So paradox es sein mag: Die europäische Integration ist während des vergangenen Jahrzehnts ohne Unterbrechung vorangeschritten. Es liegt natürlich noch ein langer Weg vor uns. Doch hatte die EU nie zuvor wirksamere Instrumente zur Bewältigung möglicherweise auftretender wirtschaftlicher und finanzieller Herausforderungen zur Verfügung.
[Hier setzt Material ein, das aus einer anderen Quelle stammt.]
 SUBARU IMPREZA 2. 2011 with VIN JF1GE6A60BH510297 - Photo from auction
Wenn die EU diesen Weg nach den Wahlen fortschreiten und sich ihre Rolle als multilateraler Akteur in einer zunehmend durch den Wettbewerb der Großmächte gekennzeichneten Welt bewahren soll, muss die relativ stille integrationsfreundliche Mehrheit sich zu Wort melden und mobilmachen.
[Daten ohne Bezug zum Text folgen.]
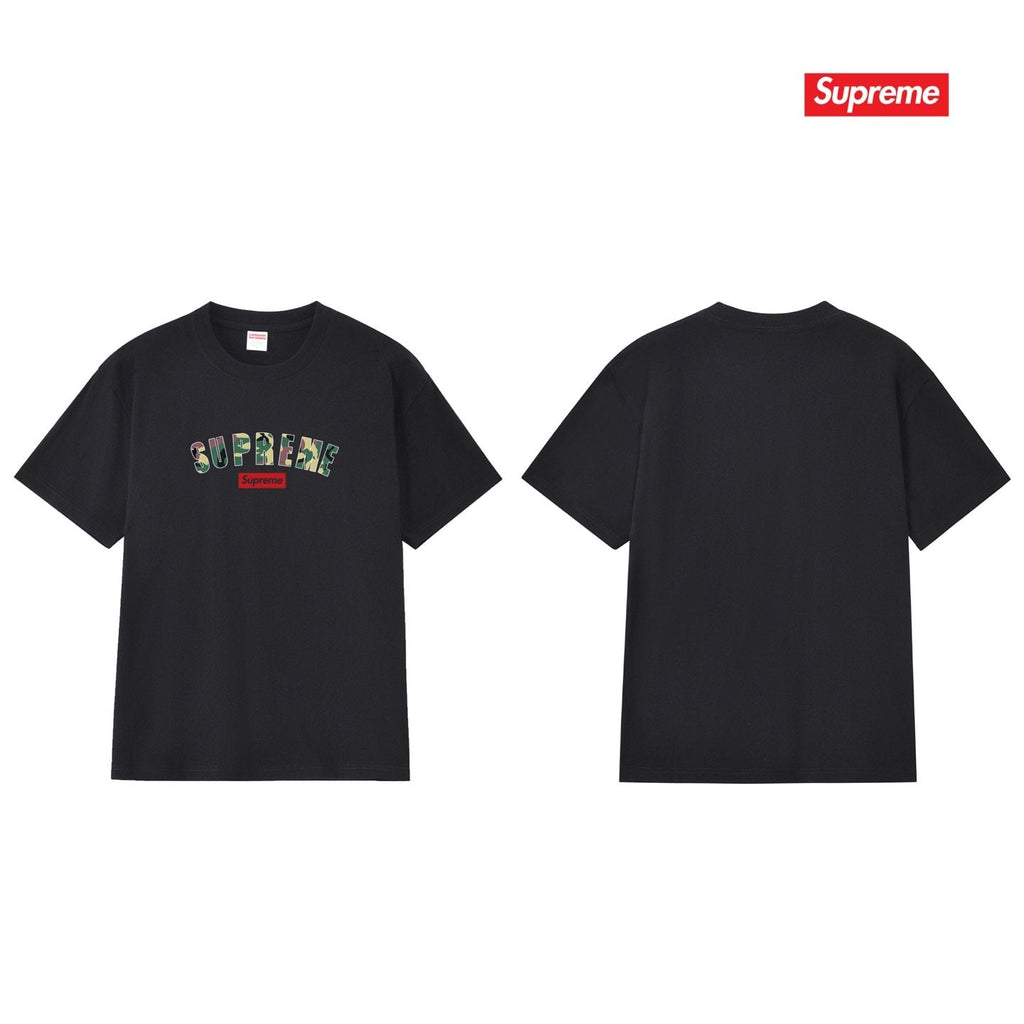 Supreme Front Graphic Short-Sleeve T-Shirt ¡ª back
Zumindest haben es die Europäer durch die Selbstbetrachtung der letzten Jahre endlich geschafft, einen gemeinsamen politischen Raum hervorzubringen. Statt zuzulassen, dass die populistischen Nationalisten diesen gegen sie einsetzen, müssen die EU-freundlichen Parteien ein transformatives, auf die Zukunft fokussiertes Narrativ entwickeln.

Nostalgische Lähmung vermeiden

Wie der österreichische Schriftsteller Stefan Zweig mögen auch wir uns gelegentlich nostalgisch an der "Welt von gestern" erfreuen. Doch wie Zweig müssen wir uns weiterhin für zukunftsgerichtete Projekte einsetzen – wie jenes friedliche, geeinte Europa, das Zweig nicht mehr erlebt hat. Die beste Hommage an die Apostel der europäischen Einheit bestünde darin, eine nostalgische Lähmung zu vermeiden und uns für den Aufbau des Europa von morgen zu engagieren. (Javier Solana, Übersetzung: Jan Doolan, Copyright: Project Syndicate, 24.5.2019)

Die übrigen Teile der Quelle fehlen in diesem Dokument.